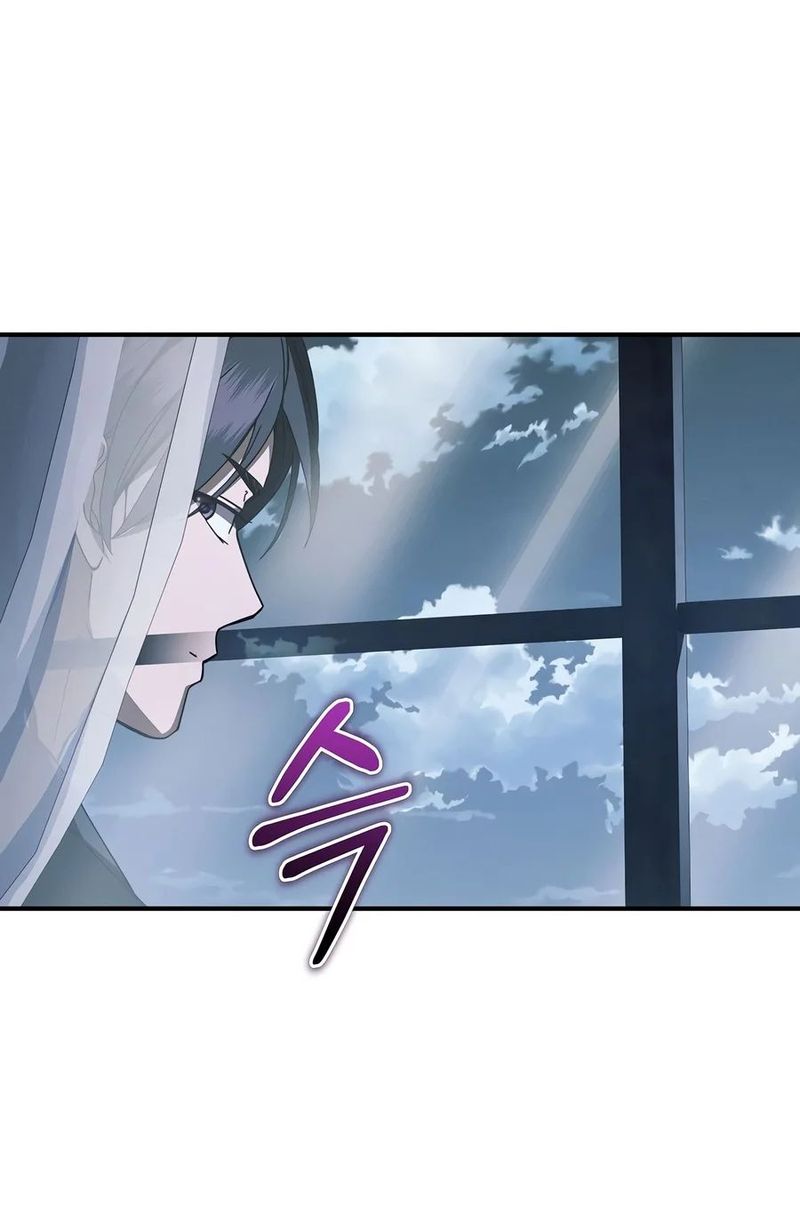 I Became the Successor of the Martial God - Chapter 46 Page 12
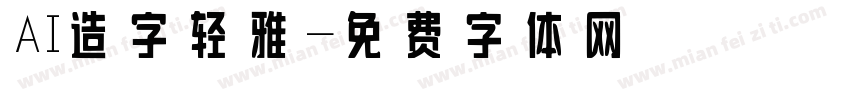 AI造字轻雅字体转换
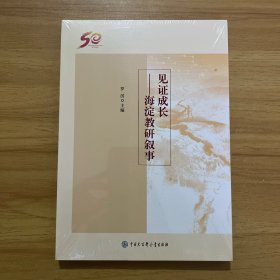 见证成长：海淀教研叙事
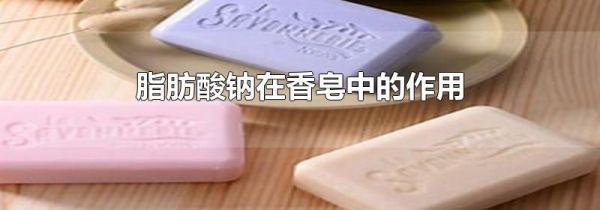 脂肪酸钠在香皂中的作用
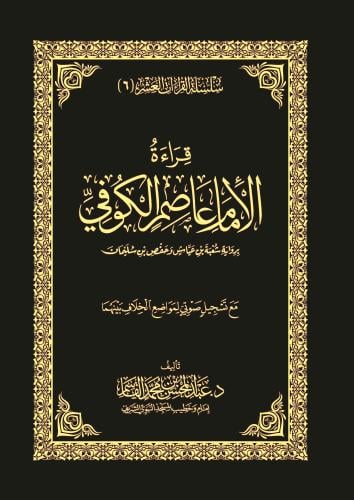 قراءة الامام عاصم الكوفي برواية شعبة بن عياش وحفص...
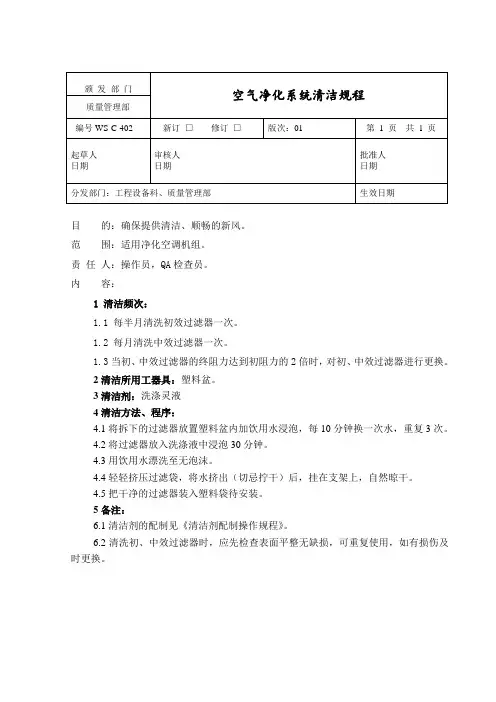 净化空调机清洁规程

--------------------------------------------------

#### TO DO:
Your task is to repeat the records exactly. Images do not belong in the copy.

#### COMPLETED TASK:
 I Became the Successor of the Martial God - Chapter 46 Page 12
 AI造字轻雅字体转换
 见证成长：海淀教研叙事
 脂肪酸钠在香皂中的作用
 قراءة الامام عاصم الكوفي برواية شعبة بن عياش وحفص...
 净化空调机清洁规程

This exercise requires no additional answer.